==== DATASET RECORDS ====
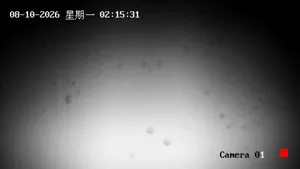 Caméra IP - CN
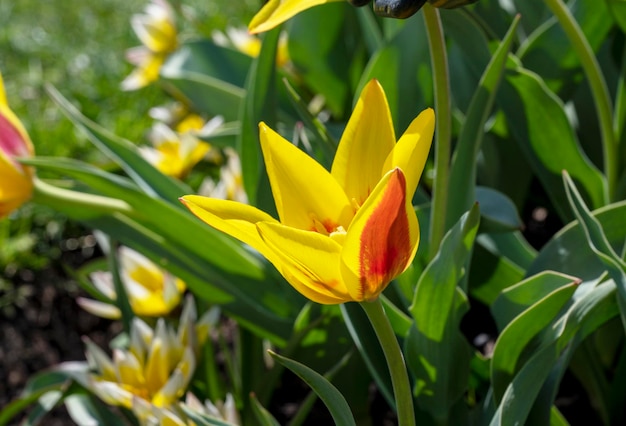 Eine gelbe und rote Tulpe, die erste Frühlingsblume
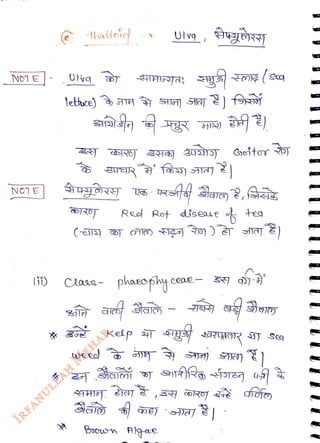 NO1 E
<br>
NOTE
<br>
(i)
<br>
-llallei Ulvg
<br>
lettuce)
<br>
Red Rot dsese
<br>
Class- phazophyecae
<br>
weeo
<br>
kelp T
<br>
Bsoun Alae
<br>
teg
<br>
 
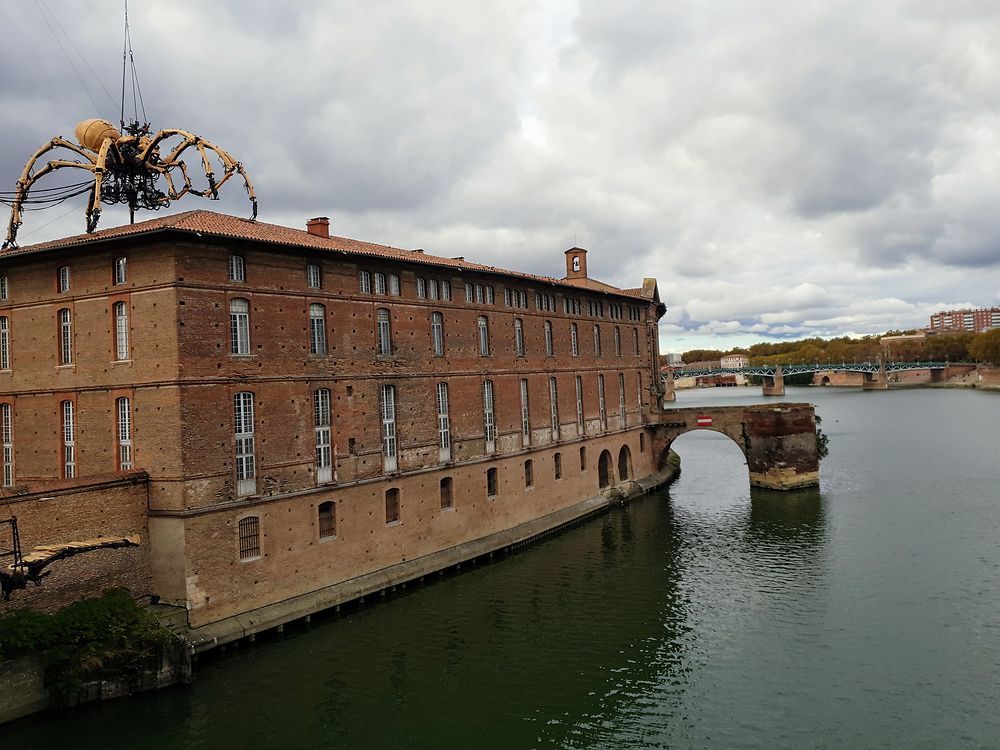 Ariane l'araignée sur l'hôpital La Grave, Toulouse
====
With the pictures set aside, please write out all of the records above exactly.

 Caméra IP - CN
 Eine gelbe und rote Tulpe, die erste Frühlingsblume
 NO1 E
<br>
NOTE
<br>
(i)
<br>
-llallei Ulvg
<br>
lettuce)
<br>
Red Rot dsese
<br>
Class- phazophyecae
<br>
weeo
<br>
kelp T
<br>
Bsoun Alae
<br>
teg
<br>
 
 Ariane l'araignée sur l'hôpital La Grave, Toulouse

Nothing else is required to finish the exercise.